The Moral Origins of the Great Recession
Boisi Center for Religion and American Public Life
On September 23, David Bosworth visited the Boisi Center to discuss his new book The Demise of Virtue in Virtual America: The Moral Origins of the Great Recession. Bosworth, a professor in the University of Washington’s Creative Writing Program, explained that he wrote the book in an attempt to unearth the moral and cultural changes that were at the root of the housing market bubble and collapse, and the ensuing recession.
Noting that people frequently act contrary to their professed ideals, Bosworth blamed the fact that traditional ideals no longer aptly apply to the changing social situation. He hoped that his book could help people recognize this disjunction and thus realign ideals and realities.
Bosworth pointed to many changes that have occurred since the 1950s, and tried identifying those factors responsible for these changes. Consumerism was a big theme throughout—both in shaping the tastes and lives of consumers, as well as the private lives of employees. Bosworth sees “evangelical mammonism”—the spirit of radical capitalism of our era, which seeks to spread the “good news” of material consumption—as replacing the republican and Judeo-Christian roots of our country, to our great detriment.

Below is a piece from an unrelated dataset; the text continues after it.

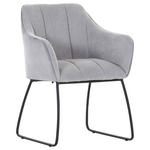 ARMLEHNSTUHL  Stoffauswahl, Typenauswahl Samt, Flachgewebe  - Hellgrau/Schwarz, Design, Textil/Metall (59/85/59cm) - Novel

When children were raised in the 1950s, time and play were unstructured. Now, the structure of the work place has seeped into private life: children’s lives are scheduled, and their play highly organized. Fifty years ago, there were public spaces—parks, the town square—that facilitated civic life. Now, the indoor mall has replaced the outdoor town square; the benches and plants bespeak this intentional transformation. Except, rather than facilitating civic life, the mall aims only to facilitate consumption.